Pénurie de cannabis: des succursales de la SQDC pourraient être fermées

Depuis le jour un de la légalisation du cannabis au Canada, la SQDC a enregistré près de 140 000 transactions dans l’ensemble de ses succursales et sur son site Web.
Photo: Martin Ouellet-Diotte Agence France-Presse Depuis le jour un de la légalisation du cannabis au Canada, la SQDC a enregistré près de 140 000 transactions dans l’ensemble de ses succursales et sur son site Web.

Victime de son succès, la Société québécoise du cannabis (SQDC) n’écarte pas l’idée de fermer plusieurs de ses douze succursales, faute de produits à y offrir.

Huit jours à peine après la légalisation du cannabis au pays, le scénario est sur la table, a confirmé jeudi la SQDC au Devoir, mais « nous travaillons actuellement à l’éviter », a résumé son porte-parole Mathieu Gaudreault. « Comme dans l’ensemble du pays, nous faisons face à des enjeux importants d’approvisionnement, a-t-il reconnu. Mais pour le moment, nous ne sommes pas à faire ce geste. »

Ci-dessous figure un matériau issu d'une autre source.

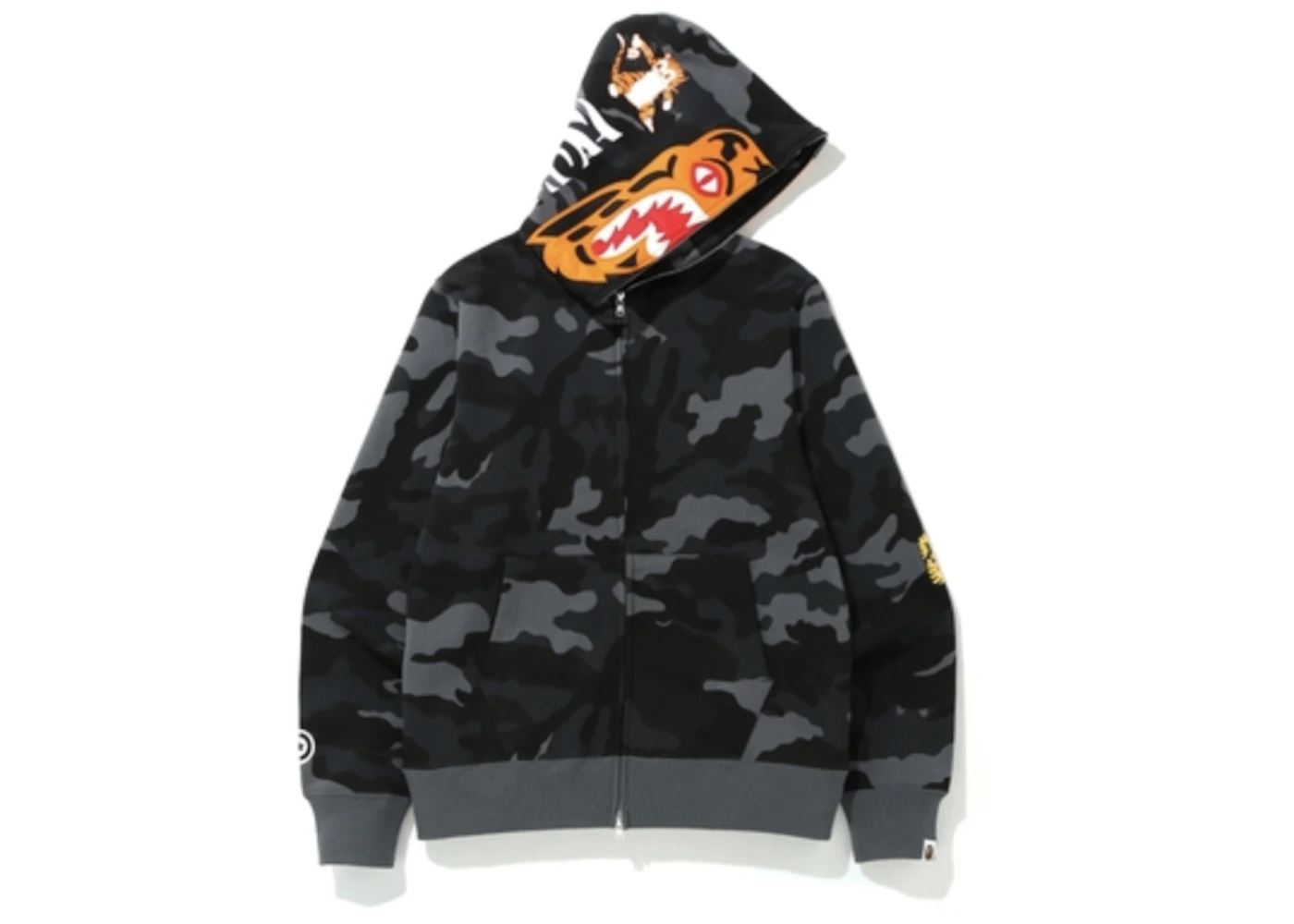 BAPE Woodland Camo Tiger Full Zip Hoodie Black Men s FW19 US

Depuis le jour 1 de la légalisation du cannabis, le 17 octobre dernier, au Canada, la SQDC a enregistré près de 140 000 transactions dans l’ensemble de ses succursales et sur son site Web, a indiqué la nouvelle société d’État dans un bilan dévoilé mercredi en début de soirée. Ce volume a été qualifié de « conforme » aux prévisions faites.

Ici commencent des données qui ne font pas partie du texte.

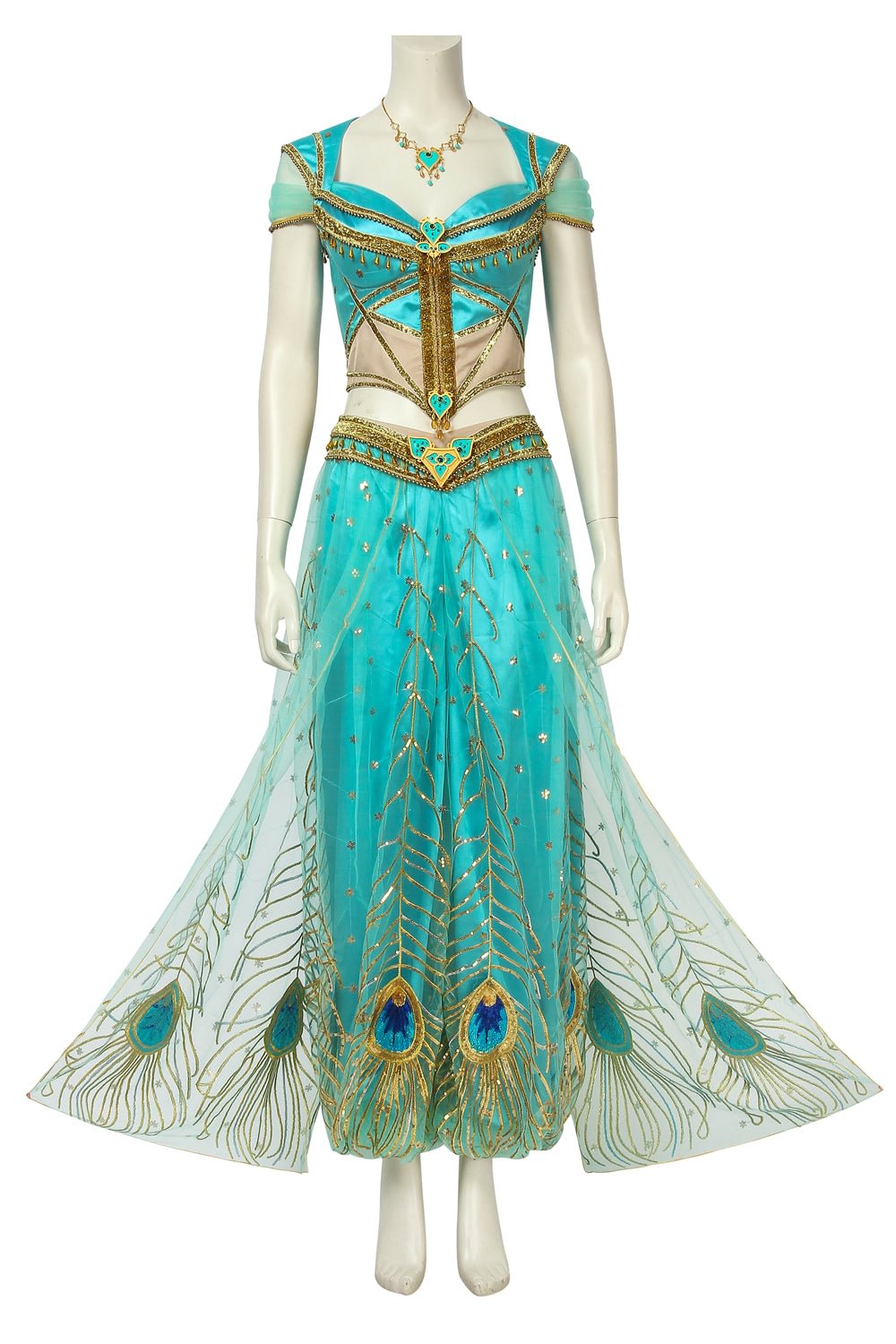 Aladdin Princess Jasmine Cosplay Costume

L’offre limitée des fournisseurs de cannabis légal au pays, couplée à une forte demande des consommateurs, a entraîné toutefois depuis une semaine de nombreuses ruptures de stock, en ligne et en succursale, reconnaît la SQDC. Cette rareté de produits était prévue, assure-t-elle, en raison, entre autres, d’un modèle de distribution naissant qui met à contribution une industrie qui est elle-même en train de se structurer. « Nous prévoyons que cette situation va perdurer à différents niveaux pour les premiers trimestres d’opération, a indiqué la société par voie de communiqué. Dans l’état actuel des choses, le maintien en opération du réseau de succursales sera un défi. »

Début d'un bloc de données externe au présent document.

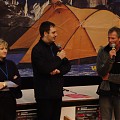 Ryszard Pawłowski z organizatorami festiwalu Joanną i Arturem Morawcami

Jointe par Le Devoir, la compagnie Hexo, premier fournisseur de la SQDC en volume, estime que la production de cannabis légal au pays est toujours en mesure de répondre à la forte demande, même si cette demande est depuis une semaine plus importante que celle anticipée. « Il n’y a pas de rupture de stock de notre côté, a dit Isabelle Robillard, porte-parole de l’entreprise de Gatineau. Nous sommes plutôt aux prises avec des retards dans les livraisons. Nous avons pour le moment rempli toutes nos commandes et des produits sont actuellement en transit entre nos unités de production et les succursales de la SQDC. »

Rappelons que, pour assurer la sécurité de ses succursales et de ses employés, la société d’État a opté pour un modèle de distribution sans entrepôt central ni approvisionnement démesuré dans ses points de vente. L’approvisionnement de ses commerces est ainsi assuré, en flux tendu, par l’ensemble de ses six fournisseurs.

Jeudi en fin d’après-midi, sur les 68 produits offerts en ligne par la SQDC, 54 étaient en rupture de stock, soit près de 80 %. Au jour 1 de la légalisation, la SQDC n’a réussi à obtenir de ses fournisseurs que 110 des 180 produits qu’elle compte mettre en vente dans son réseau.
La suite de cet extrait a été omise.